To improve their communication prospects, researchers suggest the deficiency be identified at a young age and treated with hearing technology, such as hearing aids, to improve the range of sounds the ear can process.
The findings, which were published in the journal Autism Research, used a test is similar to the hearing screening test for newborns, measuring ‘otoacoustic emissions.’
In a healthy ear, when responding to sound, the outer hair cells in the inner ear emit sound. With impaired cells, there is no sound emission (indicating that the cochlear function is impaired). In the test, a tiny, and highly sensitive microphone is used which can detect the sound emissions of the hair cells in the cochlear.
The new technique could instead provide clinicians “a new window into the disorder and enable us to intervene earlier and help achieve optimal outcomes,” according to co-author of the study, Anne Luebke, PhD.

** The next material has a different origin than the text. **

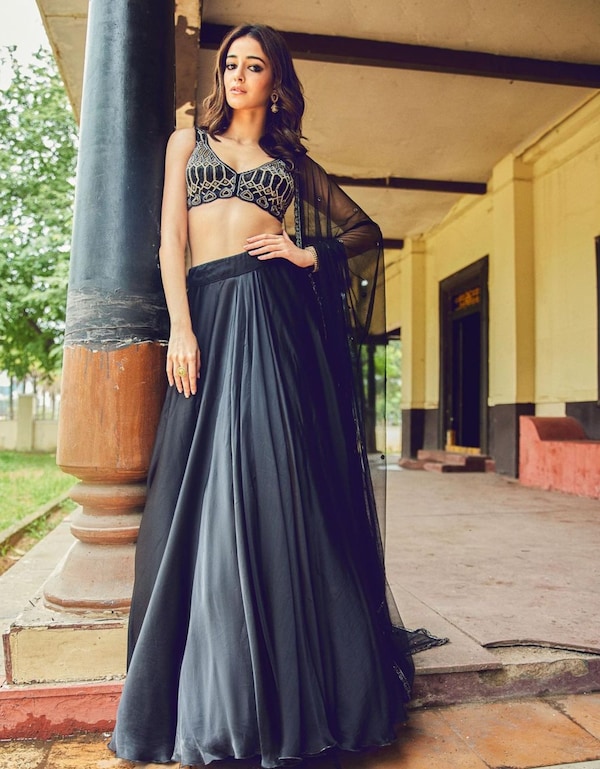 Ananya Panday looks gorgeous in her all-black lehenga.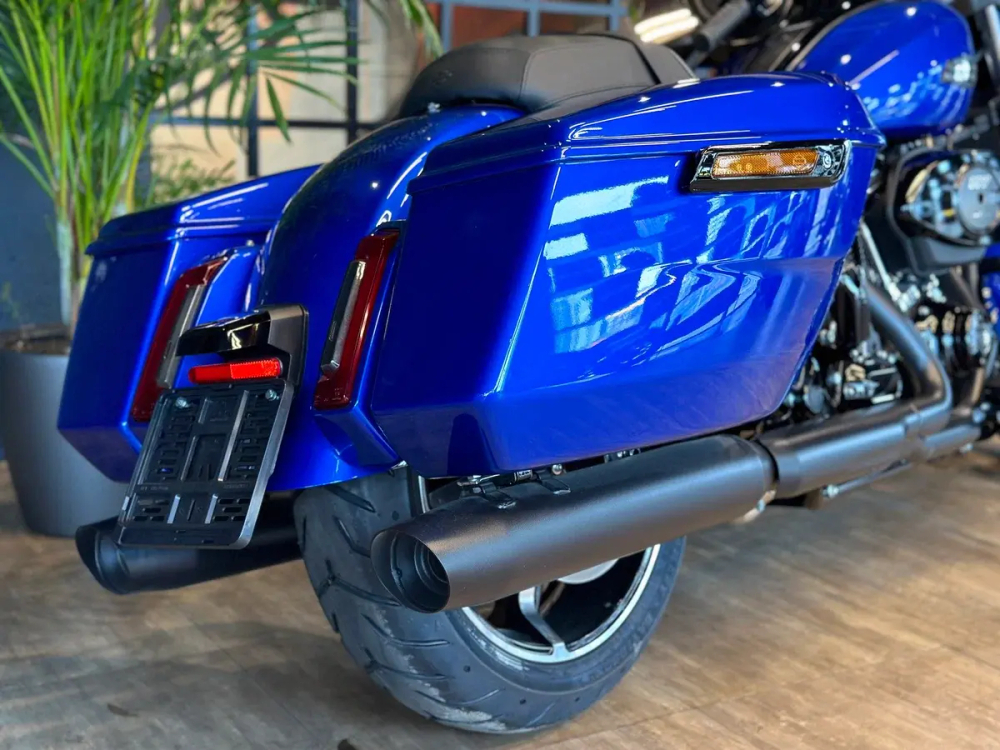 STREET GLIDE SPECIAL, 2024 (Blue Burst/Black Trim)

Early detection using the measuring of otoacoustic emissions means there could be an earlier introduction of certain therapies, which might potentially have a positive impact on a child’s development. It could also bring about the introduction of hearing aids (or other devices), which can improve the range of sounds the ear can process, thus improving the communication prospects for the child.
“ASD can have many implications for social skills, communication, and speech and language development,” Shawna Lee, AuD, CCC-A, FAAA says. “Hearing loss, whether transient or permanent, can also have similar effects, especially when children are young. Awareness of the similarities can be key in reducing the risk of diagnostic overshadowing or early misdiagnosis with children who struggle with ASD, hearing loss, or both. Children diagnosed with ASD are as unique as their fingerprints when it comes to the presentation of symptoms, behaviors, cognitive function, and their developmental needs. Research shows that early intervention is highly correlated with better outcomes.”
During the study, the research team tested the hearing of children and young people with ASD aged between 6 and 17. The team is now exploring the potential for using the test to screen infants.
As the test is non-invasive, and does not require subjects to respond verbally, there is hope that this could prove to be a useful test in screening from an early age.